I've written a miniature proxy module in Python 3 to simply sit between my browser and the web. My goal is to merely proxy the traffic going back and forth. One behavior of the program is to save the website responses I get in a local directory.
Everything works the way I expect, except for the simple fact that using socket.recv() in a loop seems to never yield the blank bytes object implied in the examples provided in the docs. Virtually every online example talks about the blank string coming through the socket when the server closes it.

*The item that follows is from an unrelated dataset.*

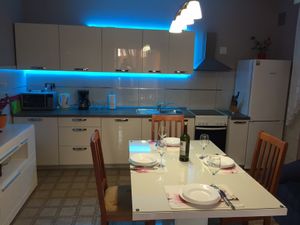 23932713-Ferienwohnung-7-Sukošan-300x225-3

My assumption is that something is going on via the keep-alive header, where the remote server never closes the socket unless its own timeout threshold is reached. Is this correct? If so, how on earth am I to detect when a payload is finished being sent? Observing that received data is smaller than my declared chunk size does not work at all, due to the way TCP functions.
To demonstrate, the following code opens a socket at an image file on Google's web server. I copied the actual request string from my browser's own requests. Running the code (remember, Python 3!) shows that binary image data is received to completion, but then the code never is capable of hitting the break statement. Only when the server closes the socket (after some 3 minutes of idle time) does this code actually reach the print command at the end of the file.

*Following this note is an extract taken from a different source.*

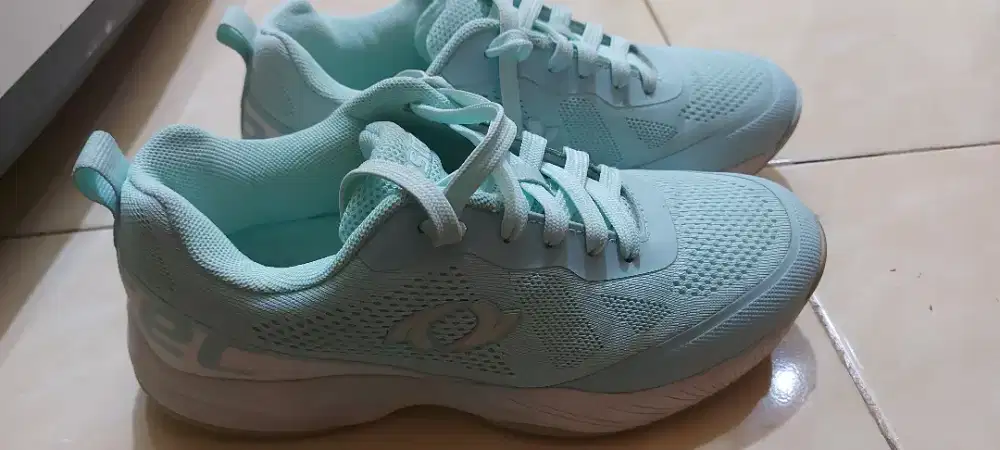 Sepatu Badminton Astec Blue Tosca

How on earth does one get around this? My goal is to not modify the behavior of my browser's requests—I don't want to have to set the keep-alive header to false or something gaudy like that. Is the answer to use some ugly timeouts (via socket.settimeout())? Seems laughable, but I don't know what else could be done.
Thanks in advance.
import socket
remote_host = 'www.google.com'
remote_port = 80
remote_socket = socket.socket(socket.AF_INET, socket.SOCK_STREAM)
remote_socket.connect((remote_host, remote_port))
remote_socket.sendall(b'GET http://www.google.com/images/logos/ps_logo2a_cp.png HTTP/1.1\r\nHost: www.google.com\r\nCache-Control: max-age=0\r\nPragma: no-cache\r\nUser-Agent: Mozilla/5.0 (Macintosh; Intel Mac OS X 10_7_0) AppleWebKit/535.1 (KHTML, like Gecko) Chrome/14.0.794.0 Safari/535.1\r\nAccept: text/html,application/xhtml+xml,application/xml;q=0.9,*/*;q=0.8\r\nAccept-Encoding: gzip,deflate,sdch\r\nAccept-Language: en-US,en;q=0.8\r\nAccept-Charset: ISO-8859-1,utf-8;q=0.7,*;q=0.3\r\n\r\n')
content = b''
while True:
msg = remote_socket.recv(1024)
if not msg:
break
print(msg)
content += msg
print("DONE: %d" % len(content))